Wader evolution

Do you remember Seal Dris? Columnist Rob Brown does.

Pete Broomhall is a tall, long-legged fellow who had a lot of trouble with conventional chest waders because their crotches came to his knees. He solved this problem by cutting off the feet of the world’s first stocking foot waders, Seal Dris, which he then glued to the tops of a solid pair of gum boots using contact cement.

Seal Dris were the first latex wader. They were seamless. Latex was quite flexible, conferring more mobility upon their wearer. The downside to the seamless latex construction was that punctures that could easily turn into giant tears were a constant worry. Pete wore a pair of light rain pants overtop his waders in response to this problem.

Inspired by Pete Broomhall’s example, I ordered a pair of Seal Dris.

Thirty years ago, $150 dollars was a lot of money. When I added the price of a decent pair of gumboots and a pair of rain pants, I’d spent just over $200 dollars for the waders. I don’t know exactly how much that would be in 21st century loot, but I suspect it would be about twice that amount.

Easily the most flexible and comfortable wader I’d worn until that time, they were worth every penny. Pete told me he got six seasons out of a pair of Seal Dris that were more patch than wader when he was through with them. I wore mine for half that, which was longer than any other wader had lasted me.

Sunlight and ozone eventually ate away at the latex and my Seal Dris began to rot. I ordered a new pair that lasted almost as long, then neoprene waders arrived on the scene and the Krene Company stopped producing their latex waders.

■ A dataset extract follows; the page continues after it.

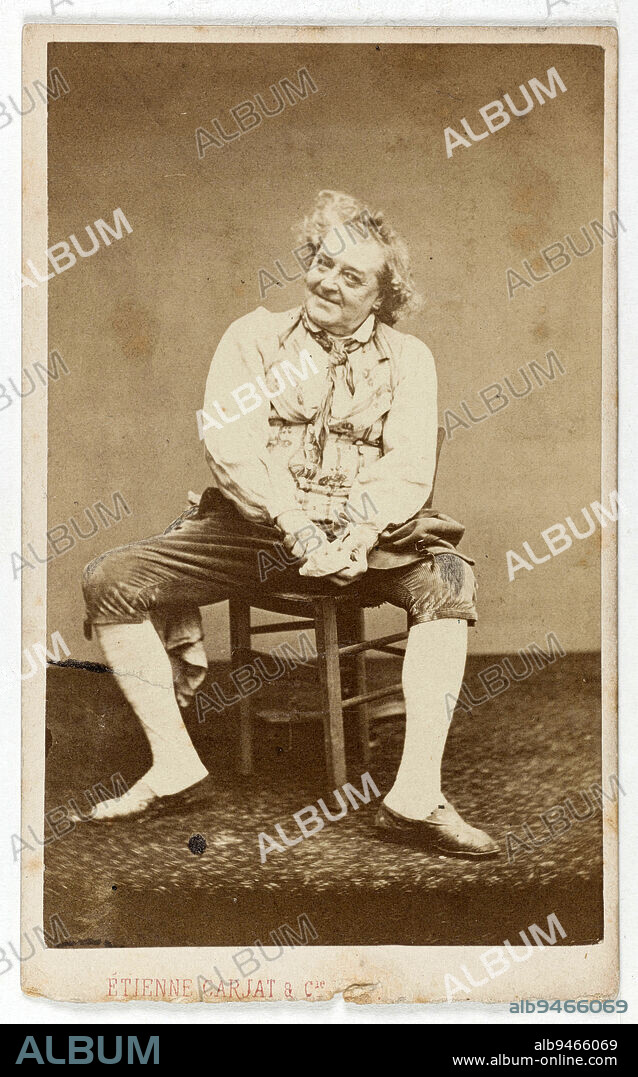 Portrait of Frédérick Lemaître, (Antoine-Louis-Prosper Lemaître, 1800-1876), (actor), Carjat, Etienne, Photographer, Between 1860 and 1890, 2nd half of the 19th century, Photography, Graphic arts, Photography, Albumen paper print, Dimensions - Work: Height: 9.5 cm, Width: 5.9 cm, Dimensions: Height: 10.3 cm, Width: 6.3 cm.
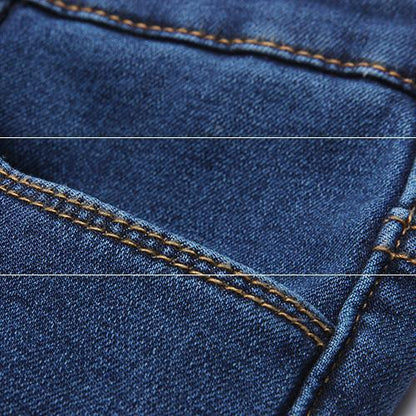 Large Size High Waist Plus Velvet Jeans Women Show Thin Feet Elastic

It’s surprising that nobody had thought of using neoprene for waders earlier since the material was invented by scientists working for DuPont in 1930. Originally marketed as Duprene, neoprene was produced through the polymerization of chloroprene to produce a synthetic rubber material that is light, strong, and a terrific insulator.

Because it contains closed cells, neoprene had the additional benefit to anglers of providing floatation, a vital safety feature in the event of an unintentional dip in the river. The first neoprene waders fit like casing on a sausage, which made them difficult to put on and take off, but soon they appeared with a lining that took care of that problem.

Neoprene waders were warm, a blessing for steelheaders since they spend almost all their fishing time standing in cold rivers in weather ranging from cool to cold. Some models came with boots attached, but these were in the minority. Most had stocking feet, necessitating the purchase of wading boots.

Stocking foot waders are safer insofar as the wading boots one wears with them are normally felted or have cleats (or, in some cases, have both) and offer more ankle support. The drawbacks to them are that they wear more quickly and, being tighter, they reduce circulation to the feet and they afford no room for air, the best insulator against the cold.

Unless they are a perfect fit, and even then to a degree, neoprene waders are less elastic than the newer so-called breathable materials, and because of the nature of the material it can be devilishly difficult to find leaks in them, but easy to patch them once they are located.

The latest thing in outdoor wear is breathable material. This is stuff that is reputed to keep water out while simultaneously exhaling sweat, a miraculous quality indeed. The many breathable waders I have owned are amazingly light weight and offer more freedom of movement that any of their predecessors. Unfortunately, they are frail.

To date I have worn waders made by Patagonia, Simms, Gray’s, Protac, and Hodgman. I haven’t torn or punctured any of them, yet they have all leaked, some after only a few outings. Most of the leaks have been along the seams, some have been in the material, and in two cases the stocking feet turned into sponges. 

After all this testing, talking to guides, retailers, and the manufacturers, I have come to the conclusion that breathable waders have a longevity of approximately 150 days. That may not seem like a long time, but for an avid angler living in the Lower Mainland it represents three to five years. For a fishing guide or someone like me who fishes over a 100 days a year, breathable waders will last about a year.

Simms makes a wader that costs $900, including taxes, that they claim will last longer. I’m not willing to pay close to a grand and take a chance especially since the material they are made from appears to be identical to the stuff all the other leaky breathables I have are made from. In fact, the most durable breathable waders I’ve owned were the least expensive.

Now I wear neoprene waders in the winter. For the rest of the year I buy cheap breathables and two tubes of glue.